One interviewee was the U.K. government’s anti-corruption champion John Penrose, who had some interesting and thoughtful things to say about his work trying to encourage London to do more to tackle financial and economic crime. Anyway, sadly, he’s rendered the series out of date by resigning his position in protest against Boris Johnson’s failures of leadership. (Spoiler: Johnson, who doesn’t appear to recognize the concept of leadership, did not resign.)
Should Johnson be looking for a way to reboot his premiership after narrowly winning the support of his fellow Conservative members of parliament, he could do a lot worse than read this report from Labour MP Margaret Hodge, on “corrupt money and corrupt politics.” Her recommendations are simple and apply universally yet appear to be beyond most governments.

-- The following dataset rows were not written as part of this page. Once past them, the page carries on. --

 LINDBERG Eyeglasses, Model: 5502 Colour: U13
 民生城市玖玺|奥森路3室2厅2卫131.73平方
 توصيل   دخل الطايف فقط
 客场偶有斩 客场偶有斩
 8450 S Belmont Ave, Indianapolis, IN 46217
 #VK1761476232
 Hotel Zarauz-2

– “We must insist on greater transparency. That would allow us to better follow the money in the financial sector and expose our decision-making to scrutiny in the public sector. We need to reinforce the pillars of accountability that support our democracy – from an independent judiciary and civil service to a powerful parliament and robustly independent media. We need to strengthen the financial and constitutional regulatory framework to prevent and punish financial crime and to prevent and punish corrupt behavior in the public domain. Finally, we need to enforce and police our systems more effectively. The Government and the executive need to be energetically held to public account.”
On that note, congratulations to New York State for bringing forward a bill demanding transparency for shell company ownership (this is a very nicely made video explaining why it’s a good idea), which seems like a good way to mark the United States’ long-overdue achievement of gaining the top spot in the Financial Secrecy Index.

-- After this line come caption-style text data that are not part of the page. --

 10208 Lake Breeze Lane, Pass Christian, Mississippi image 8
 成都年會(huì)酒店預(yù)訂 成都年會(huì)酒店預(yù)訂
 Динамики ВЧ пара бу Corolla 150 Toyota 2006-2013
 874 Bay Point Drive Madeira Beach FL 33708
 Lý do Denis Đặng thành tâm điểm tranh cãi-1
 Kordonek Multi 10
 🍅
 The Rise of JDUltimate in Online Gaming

- “Globally, we’re starting to curb the financial secrecy used by Russian oligarchs, and also by tax evaders, corrupt politicians and organized crime around the world to hide and launder ill-gotten wealth. But the US, U.K., Germany, Italy and Japan cut back that global progress by more than half, fueling financial secrecy instead of fighting it. The G7 must make clear where they stand in the fight against financial secrecy by committing to a global asset register,” said Alex Cobham, chief executive at the Tax Justice Network.
What I’m reading
I’ve just finished James Hanning’s Love and Deception, an eminently readable book on the legendary double agent Kim Philby and the years he spent in Beirut before he defected to the Soviet Union. Mostly though, the last few days have involved relentlessly poring through documents on environmental regulation, which I am trying to understand.
As far as I can tell, the laws are generally pretty good, and yet the situation – as regards pollution of the air, earth, and water — is increasingly bad. The challenge is how to explain how those two facts can co-exist: if the laws are good, why aren’t things getting better? The link between them lies in decades of deliberate underfunding of the enforcement agencies, which means those laws don’t actually get enforced. Governments can therefore take the credit for Doing the Right Thing because they’re passing progressive legislation, while also having none of the downside of inconveniencing major party donors who might actually have to start paying to clean up their own mess. Funnily enough, that’s exactly the same situation that I find when researching financial crime: an epidemic of fraud coexists with tough anti-money laundering legislation.
Often government action in these areas looks like nothing more than a Potemkin state, with all the appearance of activity, and none of the substance.